The Animators by Kayla Rae Whitaker
The Animators is Whitaker’s first novel, a story of two young artists out of the American South who meet in college, and become deep friends and artistic partners. Whitaker portrays their intense drive to create animated cinema, and the complex and tangled personal and professional partnership they seem to need to make this happen.
The story covers their early career in New York, Florida, and Louisville Kentucky. A lot of stuff happens, and a lot of it is pretty awful. They work like crazy and, well, live like crazy, too. I’m assuming that this is a realistic portrayal of “the artist as a young woman.”
The artistic achievements cannot be separated from the deep, confused, and troubled friendship. Sure, they need each. And they also want each other and love each other (not sexually). But it’s not clear they understand each other, despite their intense close work together.
Whitaker tells about the deep personal meaning and the deep personal cost of their art. Mel and Sharon are all about ‘courage’, and both think that telling their innermost secrets is important, because that is the only way to break out of their horrible past. If this sounds painful, it definitely is.
There is a lot of pain in this novel. Mel and Sharon achieve considerable success, but success is no shield from bad things happening.
“I know what Mel and I did with memory. We ran our endurance dry with our life stories, trying to reproduce them, translate them, make them manageable enough to coexist with. We mad them smaller, disfiguring them with our surgeries. We were young. We did not know what we were doing” (p. 351)

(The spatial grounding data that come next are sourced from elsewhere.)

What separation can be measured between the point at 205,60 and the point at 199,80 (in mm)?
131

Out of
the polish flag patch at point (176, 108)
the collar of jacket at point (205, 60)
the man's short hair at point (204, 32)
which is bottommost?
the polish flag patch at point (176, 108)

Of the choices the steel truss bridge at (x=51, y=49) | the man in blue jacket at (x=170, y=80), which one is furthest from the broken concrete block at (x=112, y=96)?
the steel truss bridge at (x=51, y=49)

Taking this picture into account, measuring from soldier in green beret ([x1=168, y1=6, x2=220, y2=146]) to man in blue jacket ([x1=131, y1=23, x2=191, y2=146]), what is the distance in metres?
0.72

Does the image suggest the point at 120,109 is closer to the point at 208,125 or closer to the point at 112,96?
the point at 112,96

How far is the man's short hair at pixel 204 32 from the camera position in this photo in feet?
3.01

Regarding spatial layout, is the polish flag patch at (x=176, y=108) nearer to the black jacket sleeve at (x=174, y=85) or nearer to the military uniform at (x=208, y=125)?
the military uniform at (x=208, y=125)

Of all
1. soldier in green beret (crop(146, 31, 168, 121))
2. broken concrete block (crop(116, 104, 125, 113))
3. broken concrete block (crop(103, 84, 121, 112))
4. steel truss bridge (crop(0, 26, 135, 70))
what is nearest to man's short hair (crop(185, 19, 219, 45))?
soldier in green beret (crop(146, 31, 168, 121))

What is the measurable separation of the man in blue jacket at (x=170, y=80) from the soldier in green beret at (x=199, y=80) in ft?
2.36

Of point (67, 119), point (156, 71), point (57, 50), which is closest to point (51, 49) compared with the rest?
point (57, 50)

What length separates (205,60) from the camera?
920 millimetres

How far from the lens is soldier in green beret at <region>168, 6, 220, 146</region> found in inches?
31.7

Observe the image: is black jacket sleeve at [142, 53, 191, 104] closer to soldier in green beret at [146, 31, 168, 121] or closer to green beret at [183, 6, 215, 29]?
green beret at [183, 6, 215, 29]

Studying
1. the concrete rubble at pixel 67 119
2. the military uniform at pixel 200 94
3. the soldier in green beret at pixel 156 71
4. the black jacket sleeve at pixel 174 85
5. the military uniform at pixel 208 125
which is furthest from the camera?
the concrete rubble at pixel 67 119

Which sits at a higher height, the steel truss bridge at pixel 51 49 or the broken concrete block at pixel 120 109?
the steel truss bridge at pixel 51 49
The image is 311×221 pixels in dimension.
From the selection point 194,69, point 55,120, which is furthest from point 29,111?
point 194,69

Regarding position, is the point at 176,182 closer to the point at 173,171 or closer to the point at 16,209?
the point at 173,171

If there is a lesson in this story, it has to be to be good to the ones you love right now, because they may be gone soon.
“Your life is the people you fill it with….And nothing’s good without them.” (p. 308)
I found this a well written and haunting story. We care about these two kids, smile for the good times, root for their loves, cringe at their mistakes, and ache with their pain. It is excruciating to watch in places, because they really, really, didn’t know what they were doing.
I certainly look forward to more from Whitaker.
- Kayla Rae Whitaker, The Animators, New York, Random House, 2017.